Dans certains centres de vote, on a pu constater un grand nombre d’agents politiques qui agissent comme counting agents. Or, la plupart du temps ils étaient en dehors des counting stations et faisaient pas mal de bruit. N’est-il pas temps de revoir tout le fonctionnement ?
Le Returning Officer est le seul maître à bord. Il a la responsabilité de faire régner l’ordre et la discipline dans le centre de vote ou de dépouillement. Les counting agents n’ont pas le droit d’être en dehors de la salle de classe.
La photo d’une urne avec des bulletins bien rangés fait le buzz sur le net. Y-a-t-il une explication rationnelle à cela ?
Laissez-moi vous expliquer le déroulement entourant ces événements. Le jour du vote à 6h50, les candidats de cette circonscription ont vérifié les urnes. Une alliance politique a voulu mettre ses propres scellés sur les urnes. Après 18h, lorsque les urnes ont été acheminées vers les Guard Rooms, un agent politique a attiré l’attention sur les bulletins « bien rangés ». Les candidats, surtout ceux de l’alliance politique qui ont mis leurs propres scellés sur les urnes, ont accepté les explications des officiers de la Commission électorale. Le lendemain, la boîte en question avait toujours les scellés numérotés de la Commission ainsi que ceux de ladite alliance politique.
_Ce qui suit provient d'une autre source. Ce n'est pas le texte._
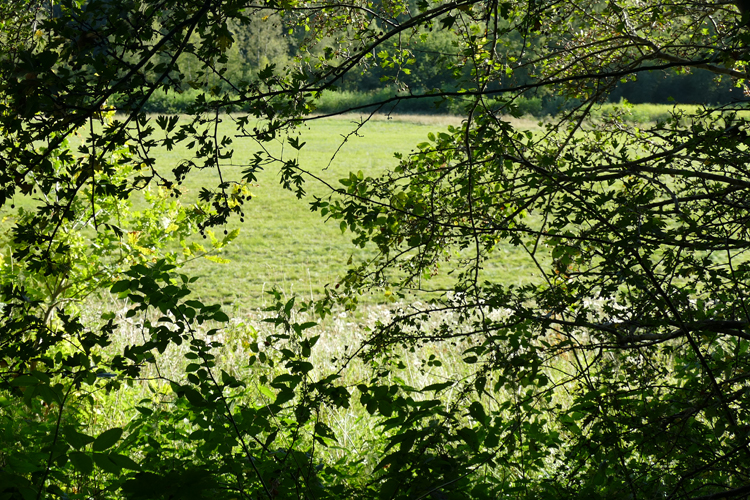 Volksdorfer Teichwiesen (14)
Dites-moi à quel moment quelqu’un aurait pu tamper avec ces bulletins ? C’est impossible !

Certaines personnes accusent la Commission d’avoir pratiqué l’ethnic profiling. Une accusation très grave, n’est-ce pas ?
C’est grotesque, impensable et même blessant de dire que nous avons pratiqué l’ethnic profiling. Pa gagn droit mem fer sa.